Like most other questions, it depends. Banking as a service isn’t new or uncharted territory. In fact, many customers are willing participants in the practice, buying items through their Macy’s card or ordering their everyday coffee through their Dunkin’ mobile app. It provides convenience and creates a way for your customers to engage with your company more frequently than if they were to pay with cash or a banking product. In addition, per McKinsey & Company, 60% of consumers said they would use point of sale (POS) financing over the next six to 12 months, which includes the hard-to-ignore popularity of buy now, pay later options. Fintech companies in this space have been gaining market share, including new public companies like Affirm.

Banking as a service presents major opportunities for financial technology companies looking to either provide financial services to consumers and businesses or develop software that allows other businesses to begin offering these additional services to their customers. With the introduction of this technology, fintech companies can streamline the loan origination process and make the unprofitable, profitable. POS and other loans provided by non-bank lenders are often smaller, and the time spent originating didn’t make this activity an enticing or profitable business decision for companies to pursue. The introduction of financial technology has enabled businesses to introduce this additional service to improve the customer experience and increase revenue.

Fintech companies thrive at developing technology that can enhance or streamline financial services products. What they don’t want to do is also run a financial institution, including addressing all the regulatory requirements that come with it. This is where choosing a BaaS partner is key, as fintechs offering financial products are nowhere without their banking partners. From leveraging the financial institution’s charter to be able to accept deposits, to gaining access to a core processer to track customer activity, and even taking loans and deposits off the fintech’s balance sheet, banking partners are essential to the operations of early stage fintech companies.

Fintech companies must make efforts to understand the advanced scrutiny they’ll face when working with a financial institution, lest they encounter pitfalls.
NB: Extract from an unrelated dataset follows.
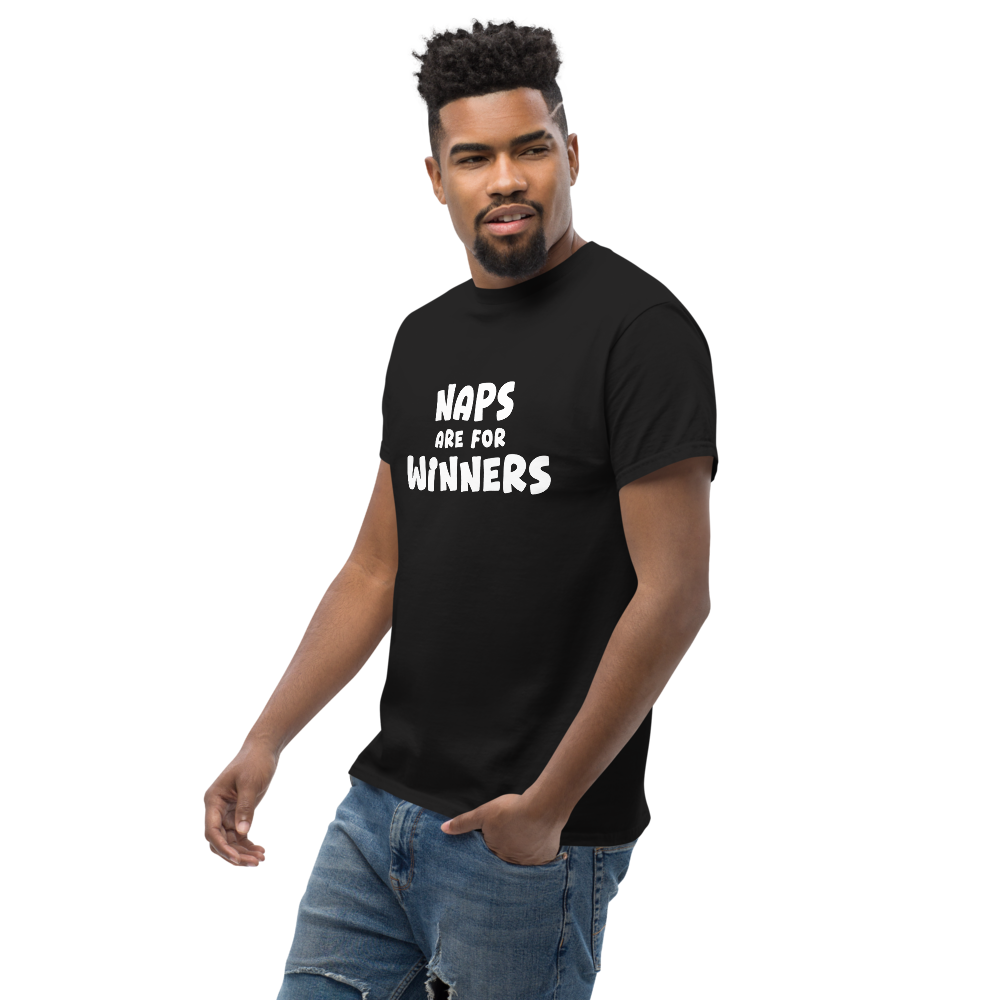 "Naps Are For Winners" printed on a black unisex classic tee worn by a male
Financial institutions will continue to be held to strict compliance, information technology, credit, operational, and other requirements, which will extend to the fintech partner. Not addressing regulatory requirements may result in lost customers or increased regulatory burden.
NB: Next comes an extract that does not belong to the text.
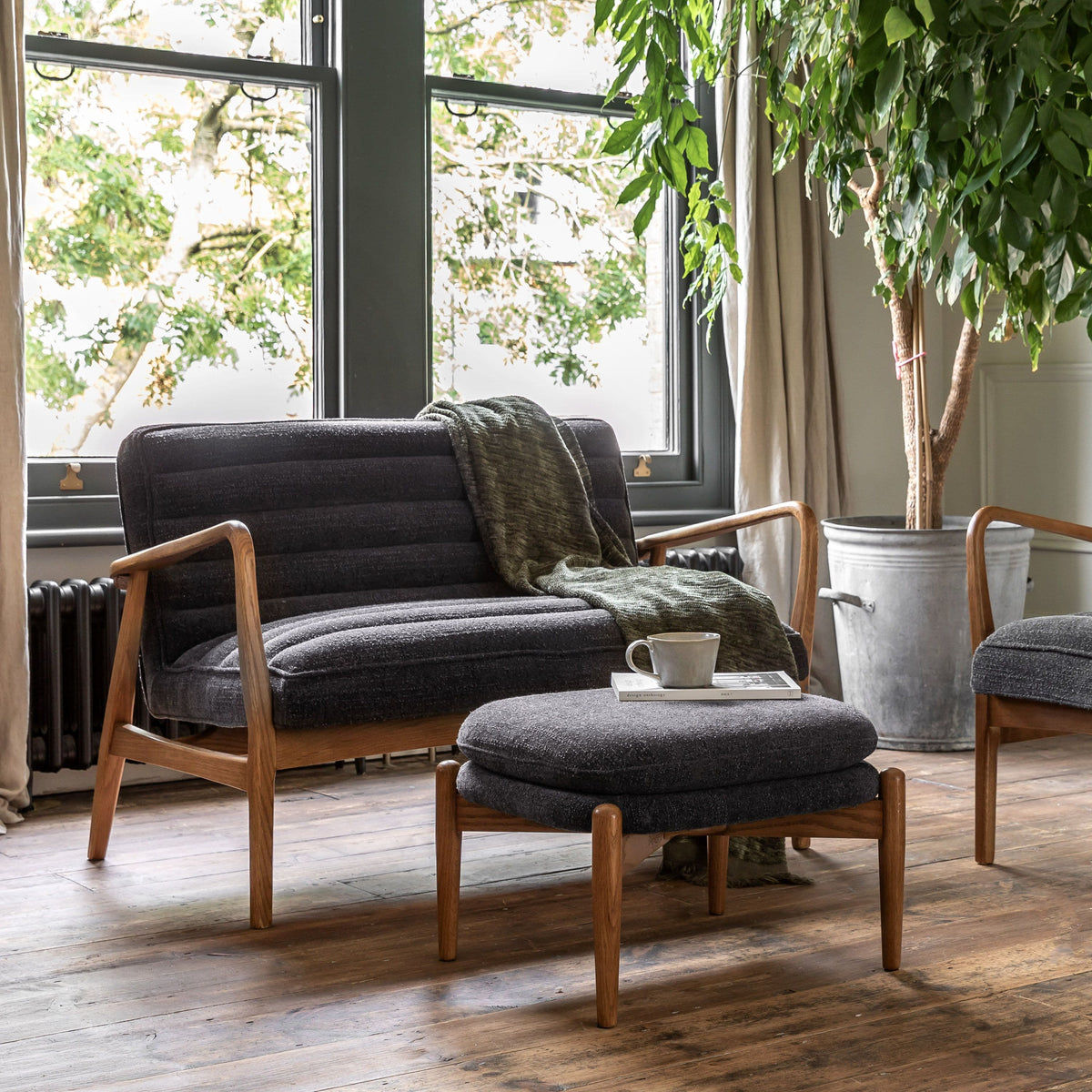 Datzun Footstool Charcoal Boucle.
For financial institutions that ignore the space entirely, this will likely result in a lost opportunity against mounting competition. Customers that may have historically gone to their hometown bank for a credit card, line of credit, or personal loan, have begun obtaining this new type of direct financing through retailers, consequently reducing demand for these higher-yielding bank products. In addition to lost revenue, banks are also missing out on an opportunity to attract young new customers.

The right banking partner can also provide valuable capital or other financial incentives to attract new customers to the financial institution. Many growing fintech companies are open to taking capital to expand operations, and the right BaaS partner could be interested in the opportunity to have ownership in a promising fintech company. Being that back-end banking partner also offers a great way to monitor the performance of the company.

Fintech companies will open themselves to regulatory scrutiny as they begin to offer financial services to consumers and businesses. Financial institutions are well-versed in compliance and overall security concerns to help fintech companies address the complicated regulatory landscape.